Say I have a table Sales(transaction_id, date, amount)
and sharded files in my file system,
sales/
- 2024/
- 12/
- 30.csv
- 31.csv
- 2025/
- 01/
- 01.csv
- 02.csv
- 03.csv
Is there a convenient way to treat sales/**/*.csv
as a single table?
So far it seems that bdt query
supports 2 flags for input tables,
--table path/to/single_file.csv
- A single table is read with name
single_file
- A single table is read with name
--tables path/to/directory/
- Multiple tables are read, each one with it's own basename
- This imports N tables
- I don't see much value here, why not using the shell to expand something like
path/to/directory/*.csv
?
- Multiple tables are read, each one with it's own basename
I kind of want a new input file flag that expects a table name, and a set of (compatible) files,
bdt query \
--partitioned_table sales sales/**/*.csv \ # Shell will expand these globs
--sql "
select
count(*)
from
sales
"
Which would use a flag with 1+N arguments, --partitioned_table sales sales/2024/12/30.csv sales/2024/12/31.csv sales/2025/01/01.csv sales/2025/01/02.csv sales/2025/01/03.csv
, and make the table sales
available.
Is there a way to get this today?
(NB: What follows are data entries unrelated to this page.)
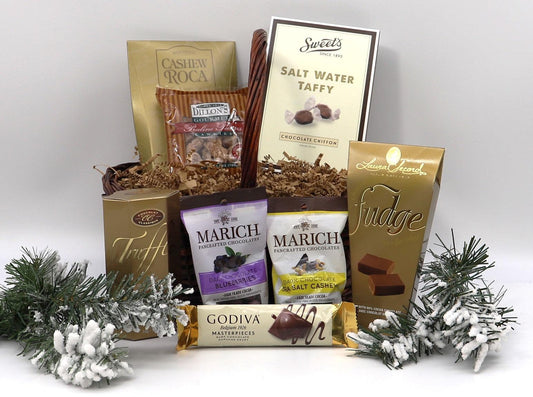 Old Fashioned Christmas gift basket with assorted chocolate bars and truffles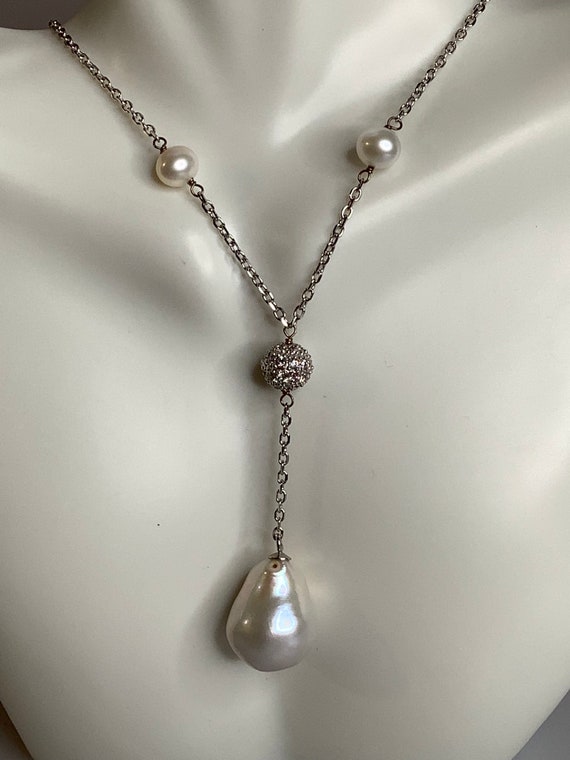 LUC Sterling Silver and Pearl Necklace - image 2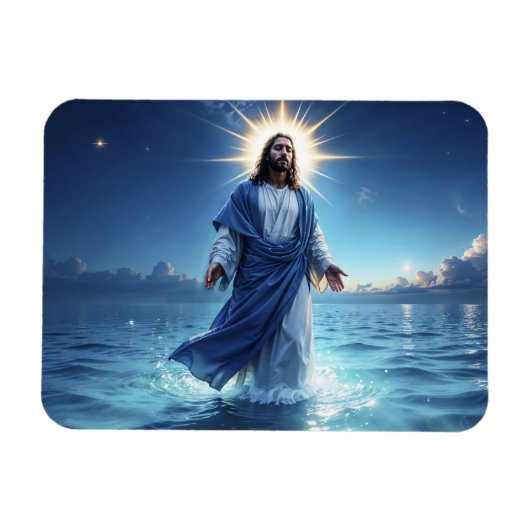 Jesus Christus geht auf der biblischen Wasserszene Magnet (Horizontal)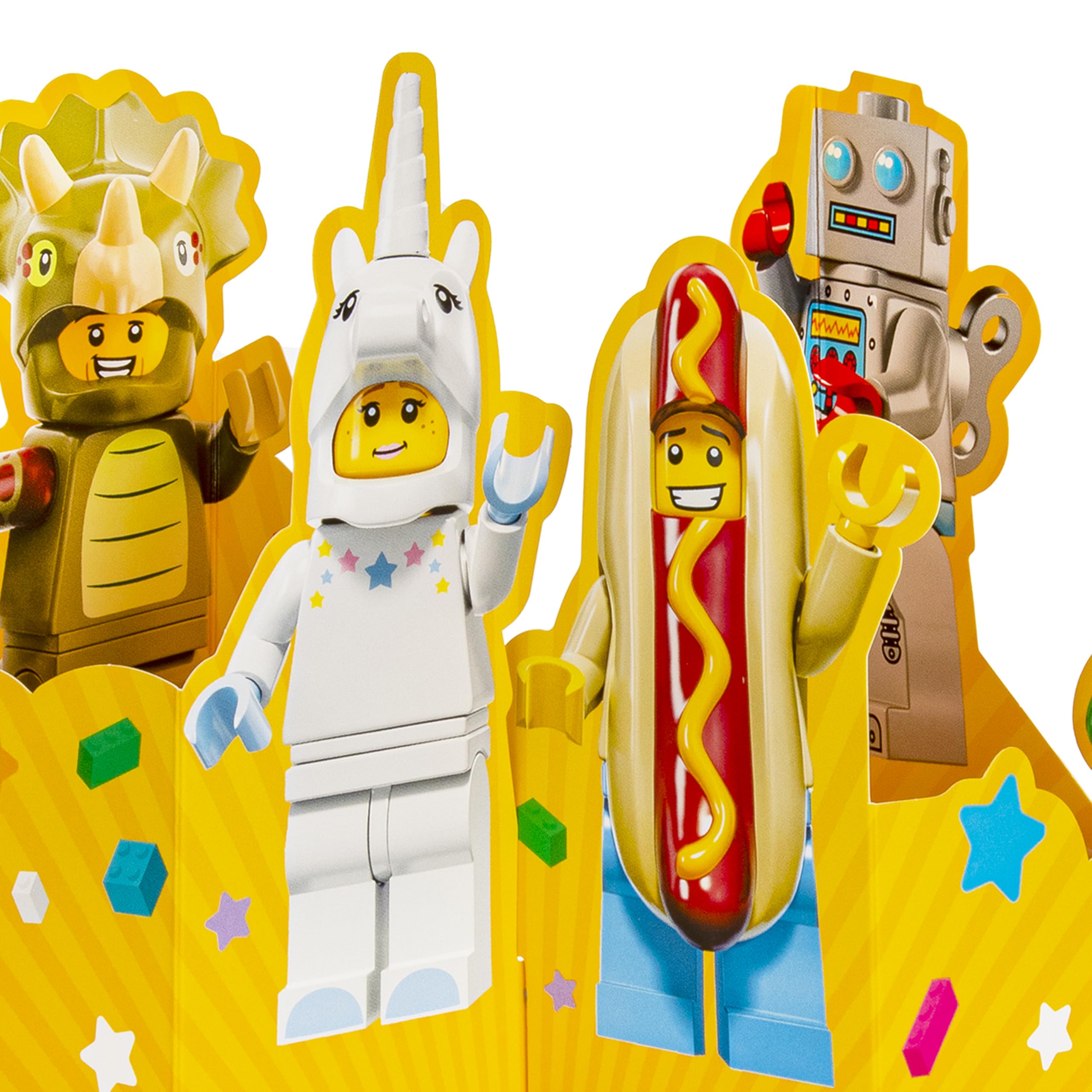 Hallmark LEGO Birthday Card | 3D Pop Up Design | Yellow with Turquoise Foil Details 4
I tried the --tables
flag, but instead got N different tables that were hard to work with as a unit.
It's not hard to create a single file that concatenates all tables, but I'd nice not needing to create it as it'd allow writing queries from the shell, with a tiny rewrite --partitioned_table sales sales/2024/12/*.csv
would get me info about sales in December 2024 without any made-up disk writes.